Roth begins with a topic that has received a lot of attention on this blog: “the anti-vocational dimension of the humanities.”
The persistence of this reputed uselessness is puzzling given the fact that an education in the humanities allows one to develop skills in reading, writing, reflection, and interpretation that are highly prized in our economy and culture. Sure, specific training in a discrete set of skills might prepare you for Day 1 of the worst job you’ll ever have (your first), but the humanities teach elements of mind and heart that you will draw upon for decades of innovative and focused work. But we do teach a set of skills, or an attitude, in the humanities that may have more to do with our antipractical reputation than the antivocational notion of freedom embedded in the liberal arts. This is the set of skills that usually goes under the rubric of critical thinking.
So critical thinking is part of the problem we have in justifying our existence in a higher education culture that, at perhaps more than any other time in American history, is stressing the applied majors and specific training.
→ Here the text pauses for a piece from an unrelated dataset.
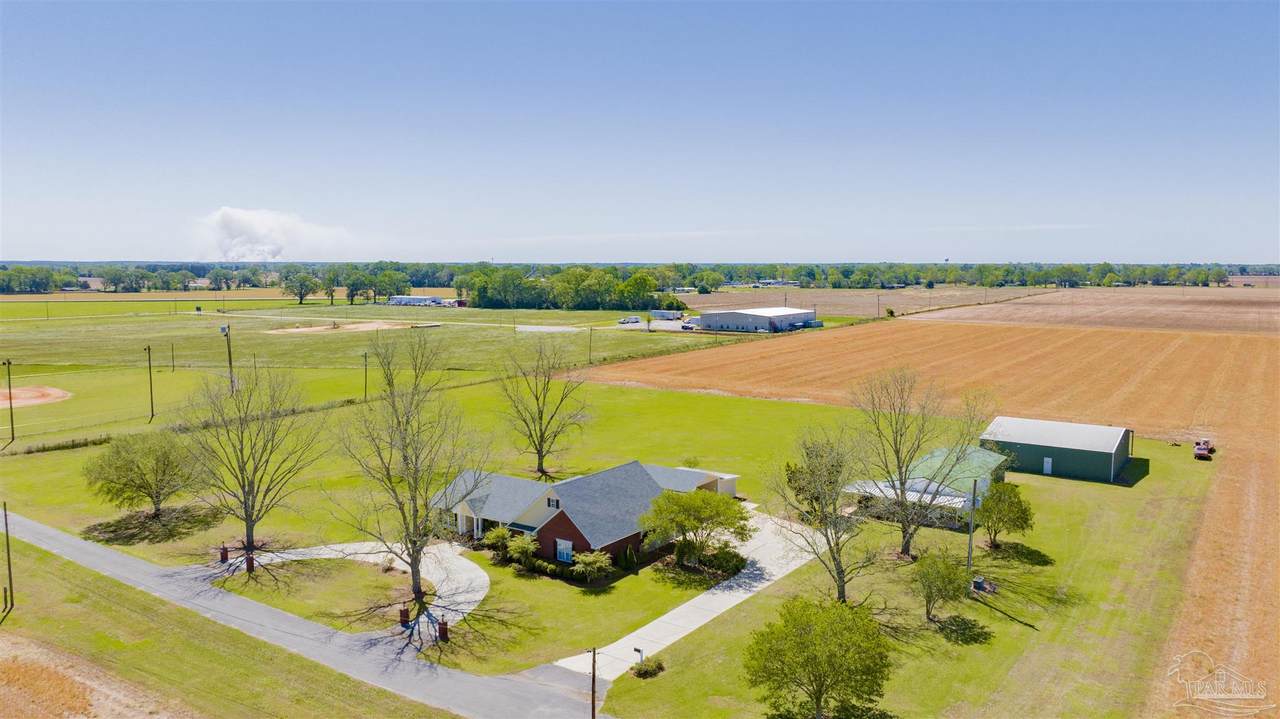 5160 Max Ln - Photo 1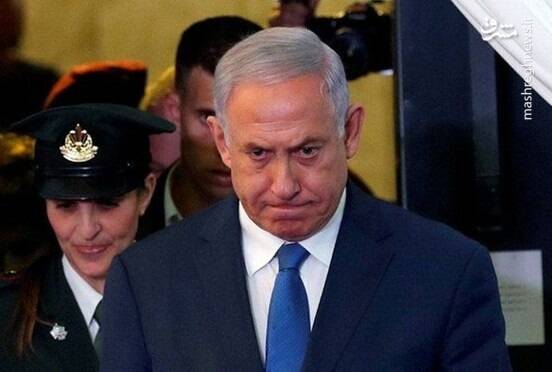 اگر راه دریا بر روی اسرائیل بسته شود، صهیونیستها همدیگر را میخورند!/ واقعیتهایی که صهیونیستها دوست ندارند برجسته شود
Roth offers a nice definition of critical thinking as it plays out in the academy:
A common way to show that one has sharpened one’s critical thinking is to display an ability to see through or undermine statements made by (or beliefs held by) others. Thus, our best students are really good at one aspect of critical thinking—being critical. For many students today, being smart means being critical. To be able to show that Hegel’s concept of narrative foreclosed the non-European, or that Butler’s stance on vulnerability contradicts her conception of performativity, or that a tenured professor has failed to account for his own “privilege”—these are marks of sophistication, signs of one’s ability to participate fully in the academic tribe. But this participation, being entirely negative, is not only seriously unsatisfying; it is ultimately counterproductive.
But is this all there is?
The skill at unmasking error, or simple intellectual one-upmanship, is not completely without value, but we should be wary of creating a class of self-satisfied debunkers or, to use a currently fashionable word on campuses, people who like to “trouble” ideas. In overdeveloping the capacity to show how texts, institutions, or people fail to accomplish what they set out to do, we may be depriving students of the capacity to learn as much as possible from what they study. In a humanities culture in which being smart often means being a critical unmasker, our students may become too good at showing how things don’t make sense. That very skill may diminish their capacity to find or create meaning and direction in the books they read and the world in which they live. Once outside the university, our students continue to score points by displaying the critical prowess for which they were rewarded in school. They wind up contributing to a cultural climate that has little tolerance for finding or making meaning, whose intellectuals and cultural commentators delight in being able to show that somebody else is not to be believed.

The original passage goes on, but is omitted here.